The fix: hand-render. It’s shorter than the dependency’s docs.

app.get('/rss.xml', (_req, res) => {
const posts = loadPosts().slice(0, 50);
const items = posts.map(p => `
<item>
<title>${esc(p.title)}</title>
<link>https://r-that.com/blog/${esc(p.slug)}</link>
<guid isPermaLink="true">https://r-that.com/blog/${esc(p.slug)}</guid>
<pubDate>${new Date(p.date).toUTCString()}</pubDate>
<description>${esc(p.description)}</description>
</item>`).join('');
res.type('application/rss+xml').send(`<?xml version="1.0" encoding="UTF-8"?>
<rss version="2.0">
<channel>
<title>Roger Ochoa — blog</title>
<link>https://r-that.com/blog</link>
<description>Deep-dives on software, terminal UIs, and self-hosted infra.</description>
<language>en-us</language>
${items}
</channel>
</rss>`);
});
const STATIC_PAGES = ['/', '/about', '/projects', '/experience', '/blog', '/contact'];
app.get('/sitemap.xml', (_req, res) => {
const posts = loadPosts();
const urls = [
...STATIC_PAGES.map(p => `<url><loc>https://r-that.com${p}</loc></url>`),
...posts.map(p =>
`<url><loc>https://r-that.com/blog/${esc(p.slug)}</loc>${p.date ? `<lastmod>${p.date}</lastmod>` : ''}</url>`
),
];
res.type('application/xml').send(`<?xml version="1.0" encoding="UTF-8"?>
<urlset xmlns="http://www.sitemaps.org/schemas/sitemap/0.9">
${urls.join('\n')}
</urlset>`);
});
// robots.txt
app.get('/robots.txt', (_req, res) => {
res.type('text/plain').send(
`User-agent: *\nAllow: /\nDisallow: /admin\nSitemap: https://r-that.com/sitemap.xml\n`
);
});
  • Cairn — all four routes on r-that.com
  • Pattern generalizes to any content-driven site where a CMS isn’t in the picture
  • Escape is non-negotiable. &, <, >, ', " in titles or descriptions break XML. Run every interpolated string through an esc() that handles all five. Bonus: avoid CDATA — it’s more code than it’s worth for plain text.

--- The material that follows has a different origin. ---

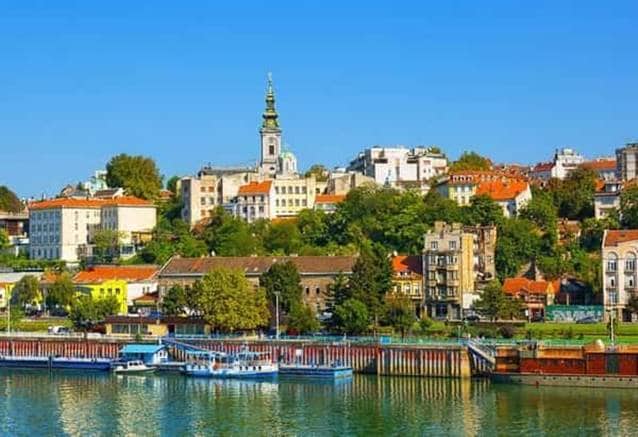 Balkan Turu ile Tarih ve Doğanın Kalbine Yolculuk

  • pubDate format is picky. RSS readers expect RFC 822 / 1123. new Date(p.date).toUTCString() produces that. Don’t hand-format.
  • lastmod in sitemap is ISO 8601. Different format than RSS; make sure you’re not using the RSS formatter for the sitemap.
  • Truncate description in RSS. Some readers truncate for you, some don’t. Keep descriptions under ~300 characters or include a <content:encoded> with the full HTML.
  • GUID stability. GUIDs must be unique and stable. Using the canonical URL is fine as long as you never change URLs. Renaming a slug breaks the GUID → the post reappears as new in every RSS reader.
  • application/rss+xml is the right content type. application/xml works but some readers sniff content; be explicit.
  • Cache control. RSS is frequently polled. Set a Cache-Control: max-age=300 or similar to save cycles — readers will revalidate if you return 304 or set an ETag.
  • Submit the sitemap. Google Search Console doesn’t discover /sitemap.xml reliably unless you submit or reference it in robots.txt. The Sitemap: line in robots.txt above is the recommended surface.
  • Disallow admin paths. Disallow: /admin in robots.txt keeps legit crawlers from indexing your admin UI. Not a security measure (attackers ignore robots.txt) but good hygiene.